Re: dm-crypt, new IV and standards

From: Jean-Luc Cooke
Date: Wed Mar 03 2004 - 10:20:11 EST


On Wed, Mar 03, 2004 at 12:35:07AM -0800, dean gaudet wrote:
> On Sat, 21 Feb 2004, Jean-Luc Cooke wrote:
>
> > Well, CTR mode is not recommended for encrypted file systems because it is very
> > easy to corrupt single bits, bytes, blocks, etc without an integrity check.
> > If we add a MAC, then any mode of operation except ECB can be used for
> > encrypted file systems.
>
> what does "easy to corrupt" mean? i haven't really seen disks generate
> bit errors ever. this MAC means you'll need to write integrity data for
> every real write. that really doesn't seem worth it...
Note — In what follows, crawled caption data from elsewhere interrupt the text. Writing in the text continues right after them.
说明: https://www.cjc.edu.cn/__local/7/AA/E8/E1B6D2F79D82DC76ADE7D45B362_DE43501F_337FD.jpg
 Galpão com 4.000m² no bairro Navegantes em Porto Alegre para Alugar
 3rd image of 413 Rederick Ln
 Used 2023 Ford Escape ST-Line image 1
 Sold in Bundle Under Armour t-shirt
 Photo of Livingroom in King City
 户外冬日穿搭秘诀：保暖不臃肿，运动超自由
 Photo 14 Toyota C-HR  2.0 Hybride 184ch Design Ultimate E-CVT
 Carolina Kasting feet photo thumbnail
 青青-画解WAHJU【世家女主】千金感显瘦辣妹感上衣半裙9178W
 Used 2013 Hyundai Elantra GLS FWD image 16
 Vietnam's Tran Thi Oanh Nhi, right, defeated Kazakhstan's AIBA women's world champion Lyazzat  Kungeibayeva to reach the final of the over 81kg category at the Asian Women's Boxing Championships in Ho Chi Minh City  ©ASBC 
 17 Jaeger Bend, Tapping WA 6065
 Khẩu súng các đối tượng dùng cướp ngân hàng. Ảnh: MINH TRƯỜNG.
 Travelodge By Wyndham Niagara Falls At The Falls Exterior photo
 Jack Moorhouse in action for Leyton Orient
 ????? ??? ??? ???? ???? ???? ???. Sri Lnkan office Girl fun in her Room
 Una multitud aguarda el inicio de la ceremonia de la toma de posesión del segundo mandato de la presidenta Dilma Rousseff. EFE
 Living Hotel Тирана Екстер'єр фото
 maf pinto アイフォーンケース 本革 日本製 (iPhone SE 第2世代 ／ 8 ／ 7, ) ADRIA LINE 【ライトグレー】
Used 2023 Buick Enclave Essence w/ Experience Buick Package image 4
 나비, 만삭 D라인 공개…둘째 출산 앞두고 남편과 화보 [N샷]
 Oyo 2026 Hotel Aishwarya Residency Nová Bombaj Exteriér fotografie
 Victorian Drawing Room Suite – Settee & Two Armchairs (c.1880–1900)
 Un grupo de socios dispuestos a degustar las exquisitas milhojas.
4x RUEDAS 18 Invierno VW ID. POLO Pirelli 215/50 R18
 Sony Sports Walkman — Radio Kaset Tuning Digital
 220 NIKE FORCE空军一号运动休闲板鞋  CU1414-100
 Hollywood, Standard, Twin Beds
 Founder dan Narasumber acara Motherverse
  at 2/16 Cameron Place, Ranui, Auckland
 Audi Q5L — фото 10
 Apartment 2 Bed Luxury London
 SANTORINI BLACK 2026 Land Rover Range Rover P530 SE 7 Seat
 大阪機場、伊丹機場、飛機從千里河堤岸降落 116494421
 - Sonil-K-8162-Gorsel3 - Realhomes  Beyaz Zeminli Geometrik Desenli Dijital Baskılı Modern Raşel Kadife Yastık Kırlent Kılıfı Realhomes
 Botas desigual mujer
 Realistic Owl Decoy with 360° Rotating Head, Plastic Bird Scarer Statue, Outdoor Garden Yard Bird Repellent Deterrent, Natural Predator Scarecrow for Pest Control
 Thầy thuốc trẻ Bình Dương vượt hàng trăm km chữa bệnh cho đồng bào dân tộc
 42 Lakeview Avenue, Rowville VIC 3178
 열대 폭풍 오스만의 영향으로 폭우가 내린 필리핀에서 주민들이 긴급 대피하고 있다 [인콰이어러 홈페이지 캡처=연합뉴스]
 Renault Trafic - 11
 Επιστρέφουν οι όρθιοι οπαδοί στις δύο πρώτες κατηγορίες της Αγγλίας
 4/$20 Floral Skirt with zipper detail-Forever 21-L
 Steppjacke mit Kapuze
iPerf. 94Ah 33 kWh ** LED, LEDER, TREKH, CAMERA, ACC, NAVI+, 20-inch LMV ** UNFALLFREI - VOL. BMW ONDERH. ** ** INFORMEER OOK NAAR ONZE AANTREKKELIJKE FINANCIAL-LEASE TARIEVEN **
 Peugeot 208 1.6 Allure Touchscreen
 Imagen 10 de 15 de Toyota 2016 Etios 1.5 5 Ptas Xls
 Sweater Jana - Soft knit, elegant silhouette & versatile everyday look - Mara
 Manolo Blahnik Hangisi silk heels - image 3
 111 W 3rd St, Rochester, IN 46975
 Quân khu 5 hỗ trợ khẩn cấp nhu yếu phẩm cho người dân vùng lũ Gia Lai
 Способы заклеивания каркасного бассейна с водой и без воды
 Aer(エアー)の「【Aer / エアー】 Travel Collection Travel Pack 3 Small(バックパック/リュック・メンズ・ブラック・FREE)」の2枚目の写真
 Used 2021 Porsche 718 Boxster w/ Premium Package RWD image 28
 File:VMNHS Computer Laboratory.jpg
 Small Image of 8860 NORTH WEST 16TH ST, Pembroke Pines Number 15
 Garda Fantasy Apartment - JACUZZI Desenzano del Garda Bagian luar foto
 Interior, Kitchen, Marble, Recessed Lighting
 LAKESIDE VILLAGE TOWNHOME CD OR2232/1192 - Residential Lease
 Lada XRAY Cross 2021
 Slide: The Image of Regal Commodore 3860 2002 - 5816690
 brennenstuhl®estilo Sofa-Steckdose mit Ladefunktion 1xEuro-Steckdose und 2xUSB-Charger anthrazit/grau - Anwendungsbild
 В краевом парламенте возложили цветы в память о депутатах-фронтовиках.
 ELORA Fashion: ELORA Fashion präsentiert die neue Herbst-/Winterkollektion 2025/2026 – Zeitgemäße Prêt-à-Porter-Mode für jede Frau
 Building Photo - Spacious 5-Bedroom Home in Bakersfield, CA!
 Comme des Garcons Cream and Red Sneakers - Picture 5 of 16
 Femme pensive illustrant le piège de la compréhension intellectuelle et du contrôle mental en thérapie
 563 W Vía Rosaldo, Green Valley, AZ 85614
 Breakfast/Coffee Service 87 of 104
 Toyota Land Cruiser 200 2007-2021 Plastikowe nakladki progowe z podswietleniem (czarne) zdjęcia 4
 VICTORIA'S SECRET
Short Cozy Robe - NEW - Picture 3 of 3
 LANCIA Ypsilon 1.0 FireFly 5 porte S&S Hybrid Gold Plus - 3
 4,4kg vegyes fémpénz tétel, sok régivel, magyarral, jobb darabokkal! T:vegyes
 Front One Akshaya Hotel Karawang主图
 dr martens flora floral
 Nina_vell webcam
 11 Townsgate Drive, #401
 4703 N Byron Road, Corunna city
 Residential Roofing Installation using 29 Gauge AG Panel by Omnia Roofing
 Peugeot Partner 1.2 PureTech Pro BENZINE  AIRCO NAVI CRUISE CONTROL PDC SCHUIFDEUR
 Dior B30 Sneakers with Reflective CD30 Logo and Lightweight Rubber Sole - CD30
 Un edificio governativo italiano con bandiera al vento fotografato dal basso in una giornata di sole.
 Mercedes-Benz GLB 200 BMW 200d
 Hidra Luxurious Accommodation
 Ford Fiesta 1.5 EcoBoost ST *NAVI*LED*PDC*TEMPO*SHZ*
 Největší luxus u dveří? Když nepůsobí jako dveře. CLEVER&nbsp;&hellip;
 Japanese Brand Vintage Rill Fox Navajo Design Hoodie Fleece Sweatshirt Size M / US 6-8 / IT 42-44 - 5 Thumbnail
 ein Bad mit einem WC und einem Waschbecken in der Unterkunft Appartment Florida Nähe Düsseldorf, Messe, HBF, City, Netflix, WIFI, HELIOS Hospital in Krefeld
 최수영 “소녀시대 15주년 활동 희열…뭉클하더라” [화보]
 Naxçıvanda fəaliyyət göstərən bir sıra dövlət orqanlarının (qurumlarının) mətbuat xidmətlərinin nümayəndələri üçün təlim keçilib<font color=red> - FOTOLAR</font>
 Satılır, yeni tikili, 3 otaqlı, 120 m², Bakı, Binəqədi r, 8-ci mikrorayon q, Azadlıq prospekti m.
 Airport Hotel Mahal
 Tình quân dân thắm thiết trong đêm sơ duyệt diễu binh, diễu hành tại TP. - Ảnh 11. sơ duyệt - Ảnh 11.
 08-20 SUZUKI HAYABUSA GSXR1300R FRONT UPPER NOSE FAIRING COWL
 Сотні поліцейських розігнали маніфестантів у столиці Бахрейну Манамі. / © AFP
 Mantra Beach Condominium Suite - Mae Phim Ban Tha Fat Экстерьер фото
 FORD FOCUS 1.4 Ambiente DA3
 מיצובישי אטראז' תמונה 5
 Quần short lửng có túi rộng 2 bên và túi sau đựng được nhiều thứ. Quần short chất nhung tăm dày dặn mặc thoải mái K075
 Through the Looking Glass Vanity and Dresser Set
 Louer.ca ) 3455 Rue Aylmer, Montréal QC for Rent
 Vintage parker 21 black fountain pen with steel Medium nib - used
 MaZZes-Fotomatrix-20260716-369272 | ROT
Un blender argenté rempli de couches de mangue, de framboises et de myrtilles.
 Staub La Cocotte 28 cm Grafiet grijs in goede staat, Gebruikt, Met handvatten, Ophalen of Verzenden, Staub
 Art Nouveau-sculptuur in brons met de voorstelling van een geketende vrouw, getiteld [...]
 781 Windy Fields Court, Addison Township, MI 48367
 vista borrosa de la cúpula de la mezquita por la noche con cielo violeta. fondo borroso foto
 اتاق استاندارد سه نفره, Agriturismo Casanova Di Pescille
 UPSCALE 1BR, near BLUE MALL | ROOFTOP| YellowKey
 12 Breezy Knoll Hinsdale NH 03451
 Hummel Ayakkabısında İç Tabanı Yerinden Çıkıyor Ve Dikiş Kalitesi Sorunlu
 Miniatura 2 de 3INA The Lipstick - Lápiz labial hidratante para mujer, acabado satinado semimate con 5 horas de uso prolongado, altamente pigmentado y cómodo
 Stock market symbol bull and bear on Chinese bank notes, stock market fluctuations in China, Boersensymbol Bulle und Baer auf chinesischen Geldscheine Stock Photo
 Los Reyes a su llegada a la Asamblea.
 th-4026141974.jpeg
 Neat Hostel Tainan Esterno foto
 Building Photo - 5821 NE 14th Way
The difference between "$1,000,000" and "$8,000,000" is 1 bit. If an
attacker knew enough about the layout of the filesystem (modify times on blocks,
etc) they could flip a single bit and change your $1Mil purchase order
approved by your boss to a $8Mil order.

Extraneous example to be sure. But this is why you want MACs. CBC mode is
more difficult to tamper with, but not immune.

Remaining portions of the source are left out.